- Born: Bazhou, China
- Spouse: Zhengde Emperor

= Wang Mantang =

Wang Mantang (王满堂; 1471 – 1541), was a renowned beauty from Bazhou and an unofficial consort of the Zhengde Emperor. She is known for being called the Washing Clothes Empress (浣衣皇后).

==Biography==
Despite the strict restrictions placed on women during the Ming dynasty, Wang Mantang's behavior was rebellious and was encouraged by her father. Her father was a writer for court judges and had several connections around town. When Wang Mantang grew up, she was known for her beauty and uniqueness.

The Zhengde Emperor liked to frequent brothels and created palaces called "Bao Fang" (豹房) outside the Imperial Palace for exotic animals such as tigers and leopards. He later used these palaces to house women, and as a result, searched for beautiful women. Wang Mantang wanted an opportunity to be his consort and went to the imperial selection. However, her young age and inexperience led to her not being selected to serve the emperor. Wang Mantang returned to home to the disappointment of her parents.

One day, she had a dream about becoming empress. Her father believed this as fate, and he told a monk about Wang Mantang's dream. The monk told his friend Duan Chang (段𬬮) about her prediction, and he believed it. Duan Chang had ambitions of becoming the emperor and faked his identity by using a prosperous name. Duan Chang approached Wang Mantang's father, who was delighted. Wang Mantang and Duan Chang soon married, and it was only after marriage that Wang Mantang's parents found out Duan Chang was in fact, a poor villager. Duan Chang spread the news that he was married to a future empress and the local villagers gathered around them for blessings.

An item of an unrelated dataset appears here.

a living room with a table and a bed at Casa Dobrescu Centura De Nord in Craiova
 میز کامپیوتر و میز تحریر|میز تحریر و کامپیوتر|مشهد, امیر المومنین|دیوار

The emperor heard of this incident, and he told his general to figure out who was causing the commotion. The general predicted a rebellion, but instead discovered Duan Chang wearing the emperor's robes. The emperor enslaved Wang Mantang and her husband. Along the way to the Inner City, the emperor took interest of Wang Mantang. He was going to let her reside in a Bao Fang, but she was thrown into the Imperial Palace's washing department. They later reunited and the emperor promised to make her empress and replace Empress Xia. He never achieved this promise since he soon died as a result of drowning. His successor, the Jiajing Emperor gave the Zhengde Emperor's consorts the title of consort dowagers. Since Wang Mantang didn't receive a title, she was forced to return to the washing department and was known by other palace maids as the Washing Clothes Empress.